RECORD EXTRACTS -
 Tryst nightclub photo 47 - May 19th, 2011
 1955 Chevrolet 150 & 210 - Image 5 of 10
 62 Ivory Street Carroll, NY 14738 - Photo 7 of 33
...
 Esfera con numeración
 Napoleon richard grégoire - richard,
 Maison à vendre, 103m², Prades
---
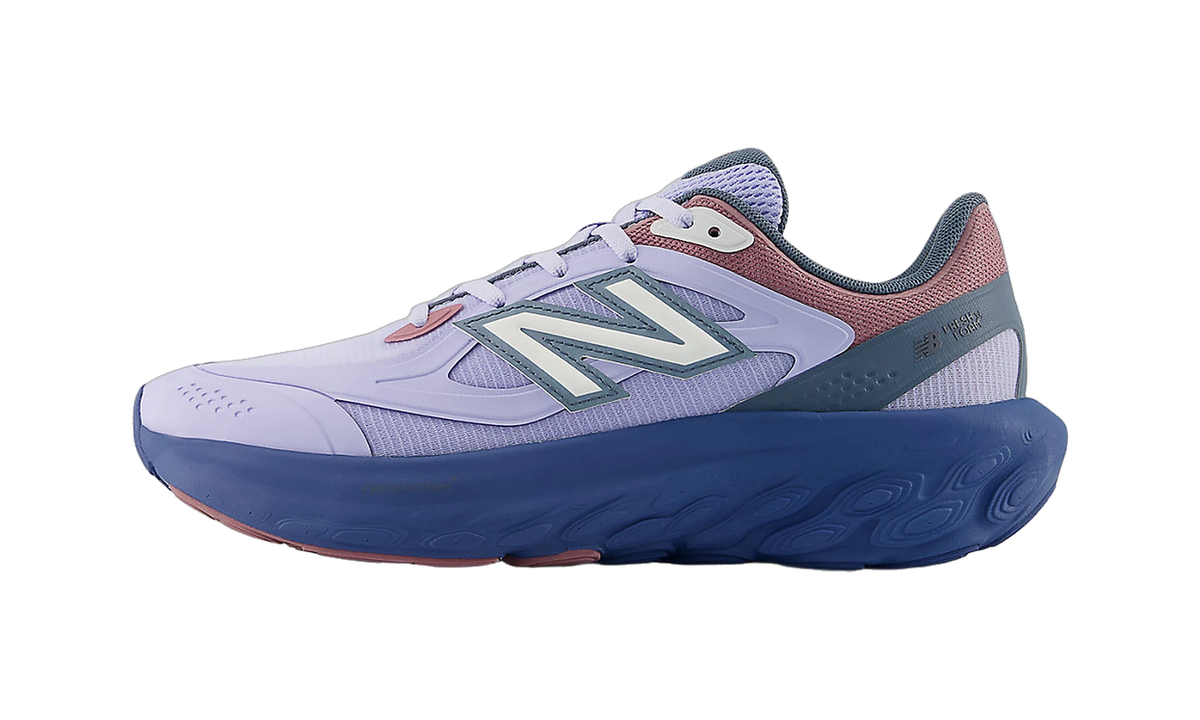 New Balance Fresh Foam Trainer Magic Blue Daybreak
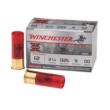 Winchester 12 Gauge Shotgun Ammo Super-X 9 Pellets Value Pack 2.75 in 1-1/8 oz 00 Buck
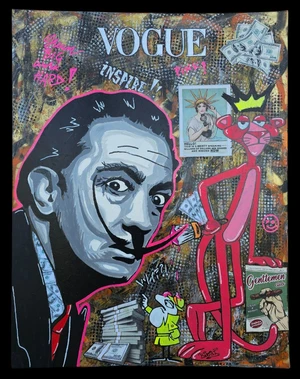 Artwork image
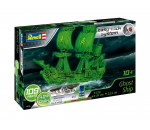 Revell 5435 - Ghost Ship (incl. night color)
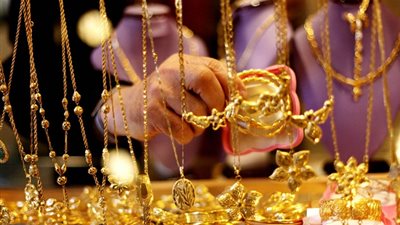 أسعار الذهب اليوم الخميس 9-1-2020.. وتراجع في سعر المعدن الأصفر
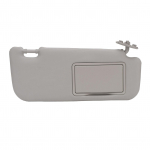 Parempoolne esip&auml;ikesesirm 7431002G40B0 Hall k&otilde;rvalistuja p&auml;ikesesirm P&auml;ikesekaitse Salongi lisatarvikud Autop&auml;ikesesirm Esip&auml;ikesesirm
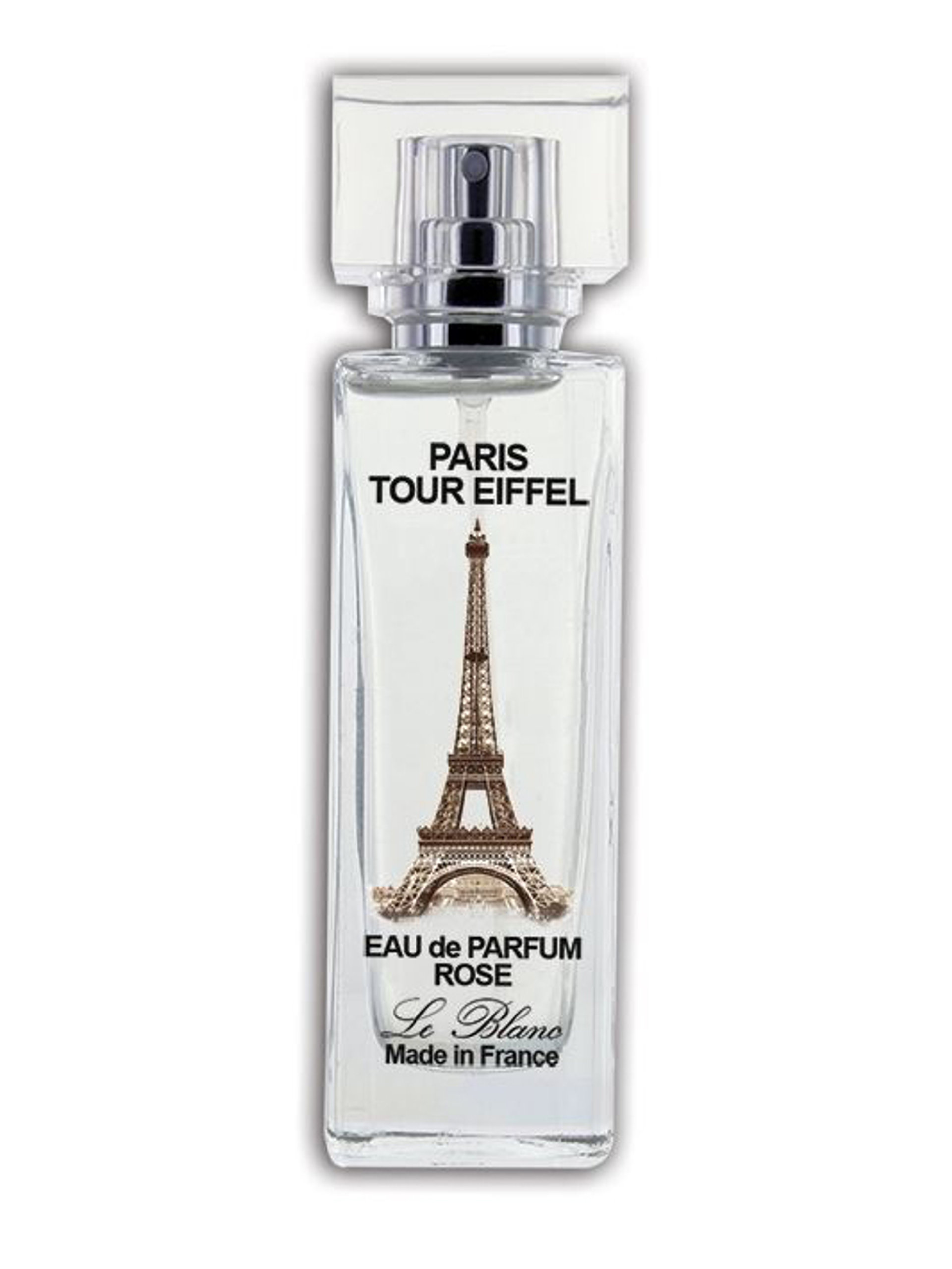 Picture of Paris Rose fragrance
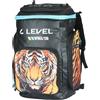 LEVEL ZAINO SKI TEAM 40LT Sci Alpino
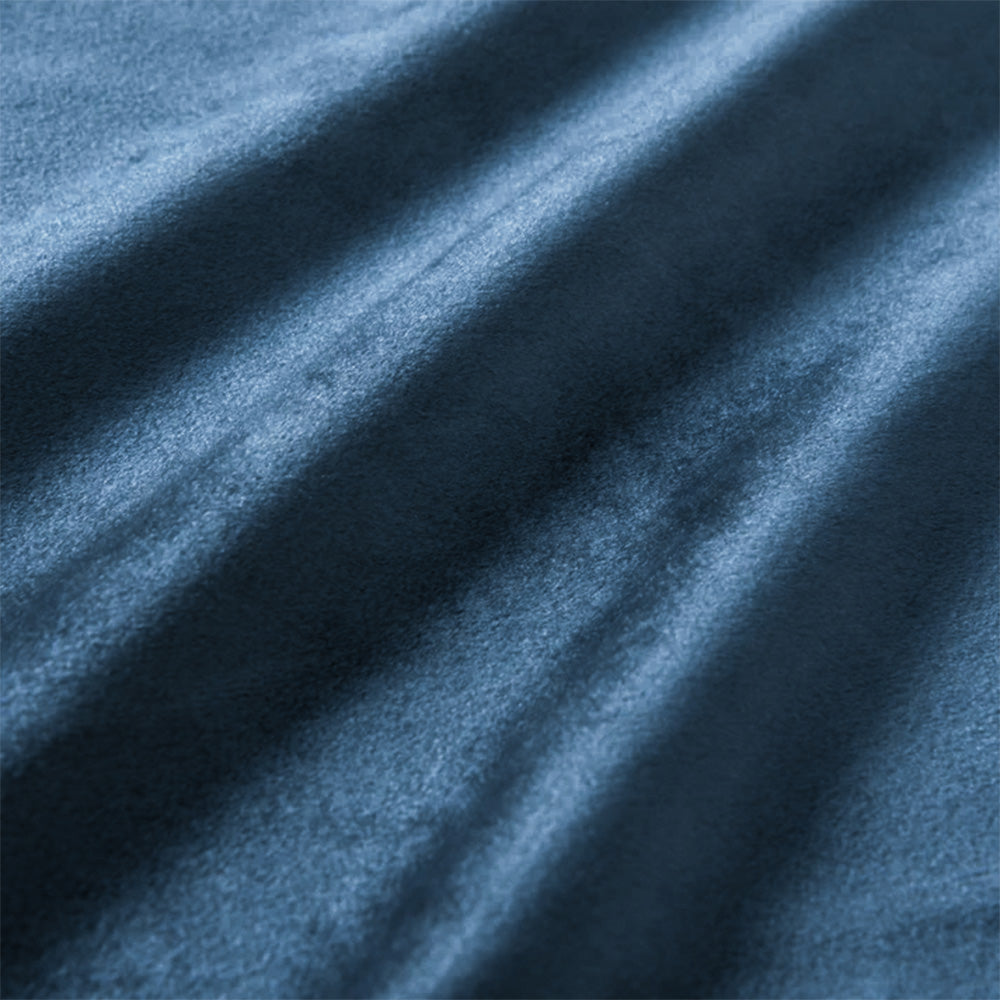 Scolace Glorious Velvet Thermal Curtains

AIM OF THE EXERCISE - Above are some records; extract exactly the lines from the one containing "Picture of Paris Rose fragrance" through the one containing "Scolace Glorious Velvet Thermal Curtains" and drop the pictures.

ANSWER BOX -
 Picture of Paris Rose fragrance
 LEVEL ZAINO SKI TEAM 40LT Sci Alpino
 Scolace Glorious Velvet Thermal Curtains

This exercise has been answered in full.